Some things cannot be reduced any further, this does not mean those things are always simple in nature or somehow were designed in a convoluted way on purpose.

At least when it comes to regex it's important to keep in mind what Einstein said, "everything should be as simple as possible but no simpler."

It's ironic that people apply reductionism to simplify regex, a thing that itself one could argue is a prime example of reductionistic design, yet they complain it's too abstract while applying reductionism.

pandemic_region · on Nov 25, 2020

WHERE HAVE YOU BEEN ALL MY LIFE

jacobwilliamroy · on Nov 25, 2020

How do I learn regex? I get confused because it seems like maybe there's more than one kind of regex floating around out there, and since regex is made of lots of punctuation symbols, it's very hard to search for things about it on the web. Is there a single book I can read? A couple books? Does it depend on my runtime environment?

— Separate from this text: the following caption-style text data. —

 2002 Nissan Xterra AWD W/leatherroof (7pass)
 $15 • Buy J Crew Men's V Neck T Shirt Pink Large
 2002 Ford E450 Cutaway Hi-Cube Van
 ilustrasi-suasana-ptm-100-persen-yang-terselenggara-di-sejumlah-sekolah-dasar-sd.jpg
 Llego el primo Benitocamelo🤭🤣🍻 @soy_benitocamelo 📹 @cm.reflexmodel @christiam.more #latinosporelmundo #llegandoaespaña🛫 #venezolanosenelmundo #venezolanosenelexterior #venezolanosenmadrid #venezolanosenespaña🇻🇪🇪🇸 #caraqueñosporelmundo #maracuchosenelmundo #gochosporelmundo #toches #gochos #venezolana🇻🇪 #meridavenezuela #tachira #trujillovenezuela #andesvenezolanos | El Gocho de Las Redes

aparsons · on Nov 25, 2020

The example isn’t a correct URL test regex (far from correct actually - even though there are plenty of edge cases regular regex strings tend to miss also)

jefftk · on Nov 25, 2020

Their example is showing what the library can do, not trying to determine which strings are URLs.

im3w1l · on Nov 25, 2020

If you put it as a showcase, then people will use it.